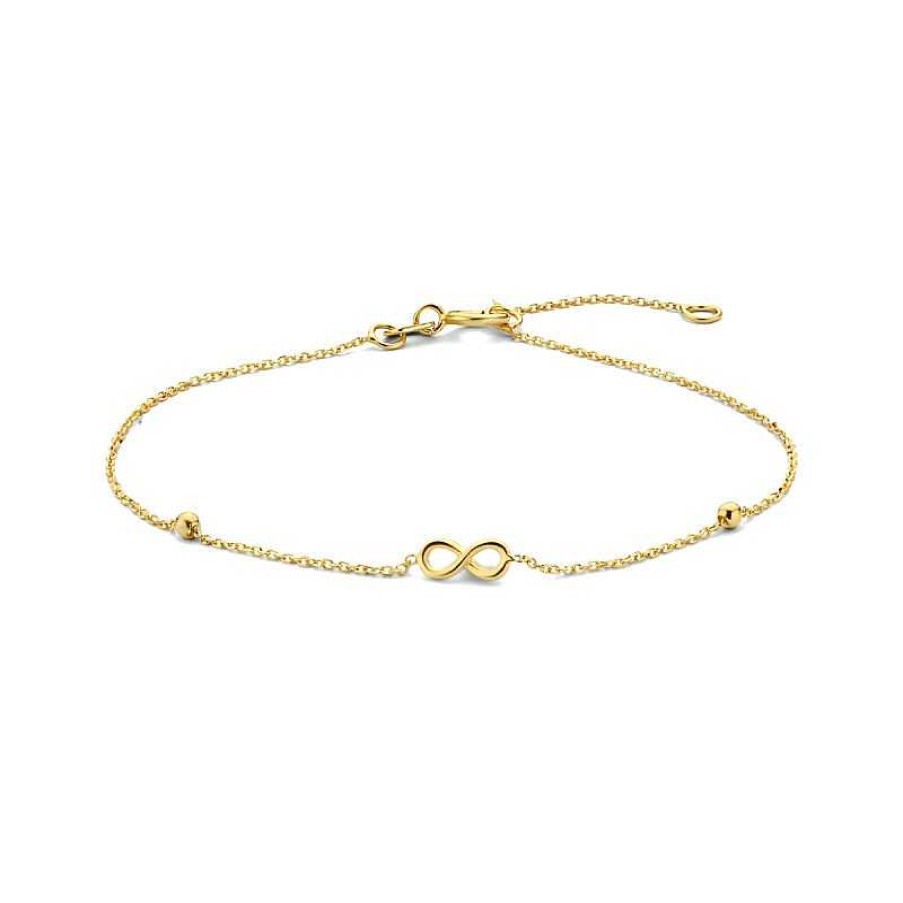 Armbanden Mostert Huiscollectie | 14-Karaat Gouden Armband Met Infinity En Bolletjes - Lengte 16 - 17.5 - 19 Cm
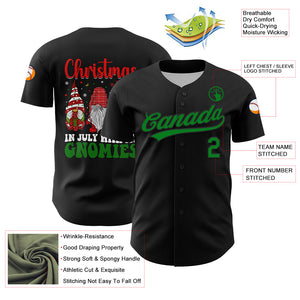 Custom Black Grass Green-Red 3D Funny Christmas Authentic Baseball Jersey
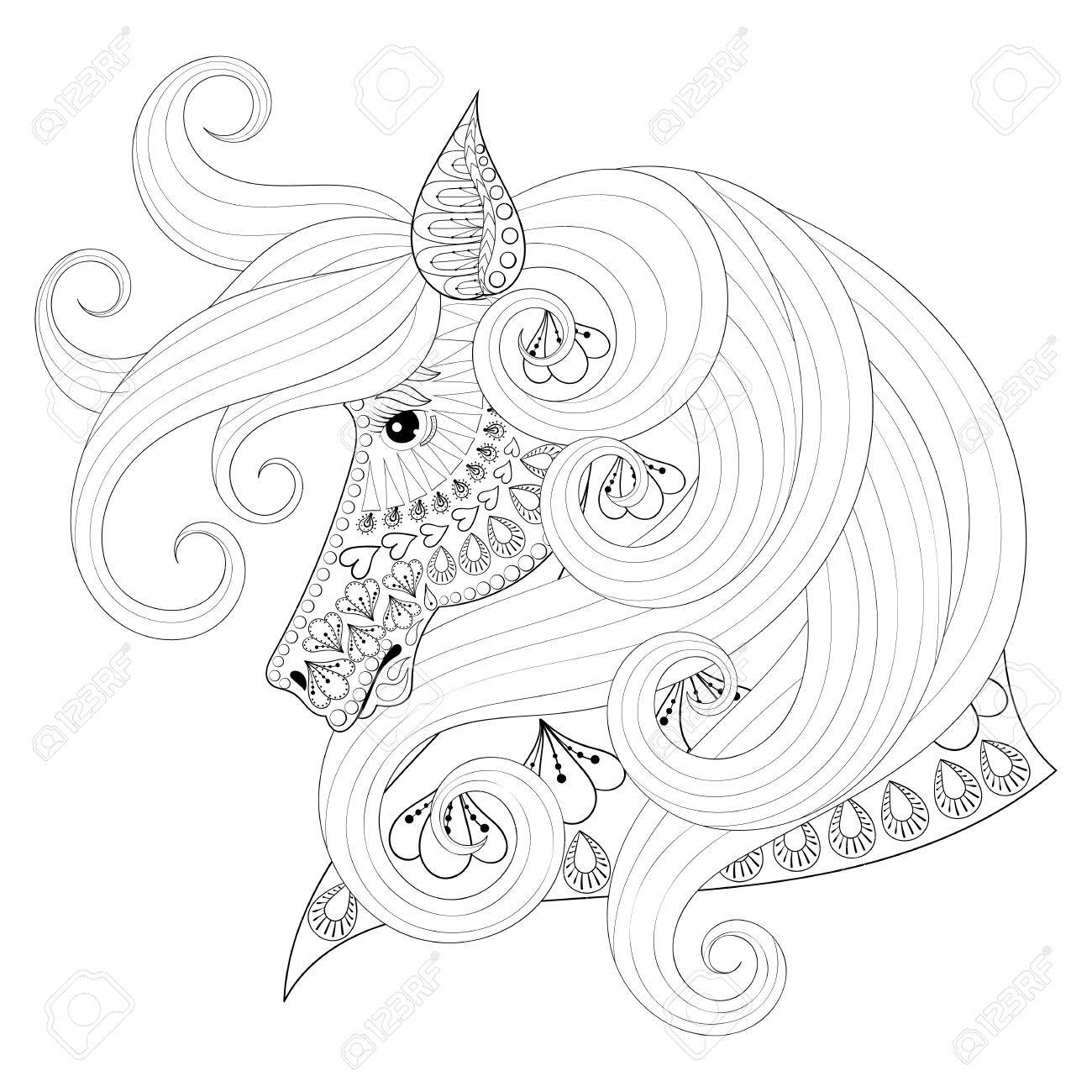 1300x1300 Hand Drawn Ornamental Horse For Adult Coloring Pages, Post Card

#####

EXERCISE DIRECTIONS | Repeat the listing word for word. Leave images out.

RESPONSE BELOW |
 Armbanden Mostert Huiscollectie | 14-Karaat Gouden Armband Met Infinity En Bolletjes - Lengte 16 - 17.5 - 19 Cm
 Custom Black Grass Green-Red 3D Funny Christmas Authentic Baseball Jersey
 1300x1300 Hand Drawn Ornamental Horse For Adult Coloring Pages, Post Card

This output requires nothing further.